Flächig verteilt war zudem erkennbar, dass sich auf der Linoleum-Bodenbelagoberfläche Beschichtungsrückstände in unterschiedlicher Intensität befanden, die für sichtbare Glanzgradunterschiede verantwortlich waren.

Diese Reste der alten Beschichtung zeigten zum Teil eine hohe Anhaftung an der Oberfläche des Linoleum-Bodenbelages, sodass sie mittels Klebebandtest nicht oder nur teilweise abgelöst werden konnten.

Beurteilung

Werden die Linoleum-Bodenbelagflächen innerhalb des Gebäudes in der festgestellten Art und Weise weiterhin genutzt und gereinigt, ist das Ende der Nutzungserwartungszeit absehbar. Allerdings ist es auch jetzt noch möglich, diese Entwicklung aufzuhalten. Dazu sind alle alten Beschichtungsrückstände abzuschleifen, eine Grundreinigung der Flächen vorzunehmen und diese fachgerecht neu zu versiegeln, beispielsweise mit einer 1- oder 2-Komponenten-PU-Versiegelung.

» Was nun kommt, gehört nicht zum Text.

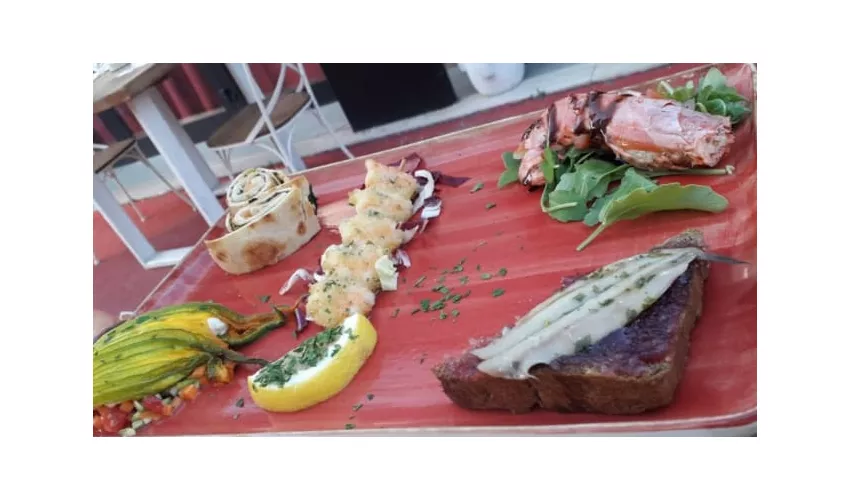 "ENOGALLERY THE WINE PLACE" ENOTECA & DISTRIBUZIONE, WINE BAR & RESTAURANT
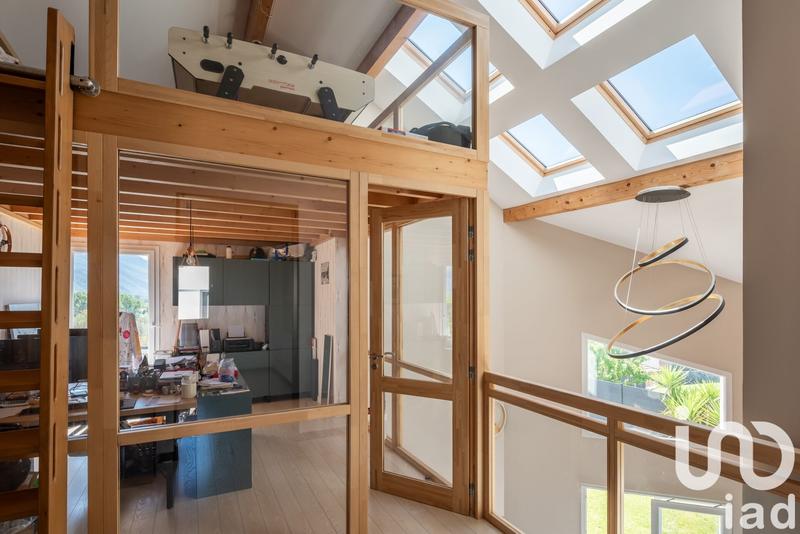 Maison - 190 m² - 6 pièces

Einhergehend mit dieser Maßnahme sind auch alle Möbelaufstandsflächen auf einen ordnungsgemäßen Zustand zu überprüfen und defekte Stuhlgleiter, Rollen oder Möbelfüße zu ersetzen.

Letztlich muss aber auch das Reinigungsverhalten überdacht und den tatsächlichen Erfordernissen angepasst werden. Das Intervall 2,5-fach pro Woche wird nicht ausreichen, die technisch mögliche Lebenserwartung des Linoleum-Bodenbelags zu gewährleisten.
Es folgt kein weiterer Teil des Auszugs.